Mr Edwards filed an appeal against Gendall J’s decision on 9 May 2011 (CA284/2011). The grounds relied on in the notice of appeal go to the merits of the issues raised in the statement of claim in the second proceeding. The notice of appeal does not allege that Gendall J erred in holding that the second proceeding was an abuse of process, nor does it raise any points that provide support for such a claim.
Mr Edwards was required to pay a setting down fee of $2248.89 in respect of each appeal. He applied to the Registrar for waiver of those fees.
The Deputy Registrar’s decisions
The Deputy Registrar declined both applications for waiver in two letters dated 27 May 2011, on the basis that the appeals did not involve matters of genuine public interest or which would affect a substantial portion of the general public. The Deputy Registrar required payment of the setting down fee for each appeal within 20 working days.
Mr Edwards then applied for reviews of the Deputy Registrar’s decisions by a single Judge of the Court. Although the applications were both filed on 20 June 2011, they were, inadvertently, not referred to me for consideration until 6 December 2011.
Legal Principles
Under reg 5(2) of the Court of Appeal Fees Regulations 2001 (the Regulations), the Registrar may waive the relevant fee if he or she is satisfied that the applicant is unable to pay the fee for various reasons associated with impecuniosity, or the appeal concerns a matter of genuine public interest which is unlikely to be commenced or continued unless the fee is waived. Mr Edwards does not say that he cannot afford to pay the setting down fees. Rather, he relies on the public interest ground.

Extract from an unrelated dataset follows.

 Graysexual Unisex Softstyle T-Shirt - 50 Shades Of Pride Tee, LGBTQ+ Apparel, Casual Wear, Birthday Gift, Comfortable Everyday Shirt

The Regulations deal with what constitutes a matter of genuine public interest. Regulation 5(4) provides:
(4) For the purposes of these regulations, a proceeding that concerns a matter of genuine public interest is –
(a)a proceeding that has been or is intended to be commenced to determine a question of law that is of significant interest to the public or to a substantial section of the public; or
(b)a proceeding that –
(i)raises issues of significant interest to the public or to a substantial section of the public; and
(ii)is an appeal against a judgment, decree, or order given or made in a proceeding commenced by an organisation that, by its governing enactment, constitution, or rules, is expressly or by necessary implication required to promote matters in the public interest.
Discussion
I consider that, in terms of the Regulations, the Deputy Registrar was right to require the payment of a setting down fee in respect of each appeal. While it might be thought that the payment of a single setting down fee is appropriate, given that the two appeals are so interrelated that they will inevitably be heard together, the Regulations do not make provision for waiver on that ground.
It is important to recall what is at issue in the present appeals. In CA176/2011, the appellant is not being prevented from bringing the underlying proceeding in relation to the TeMarua lakes, about which he has expressed concern for some years. Although the proceeding has been stayed, this is to give him the opportunity to file an amended claim, properly pleaded. In CA284/2011, the claim was struck out because it was essentially identical to the stayed claim. Accordingly, it was an abuse of process.
At present, then, Mr Edwards is unable to advance his underlying claim until he repleads it in proper form. If he does replead it adequately, he will be able to proceed. While the underlying proceeding, if properly pleaded, may raise matters of public interest, the present appeals do not. Rather, they are procedural in nature. For this reason, I consider that the Deputy Registrar was right to refuse to waive the fees.
Decision
The applications for review of the Deputy Registrar’s decisions to decline to waive the requirement for the payment of setting down fees in CA176/2011 and CA284/2011 are dismissed. A setting down fee of $2248.89 in respect of each appeal must be paid into the Court within 20 working days of the date of this judgment.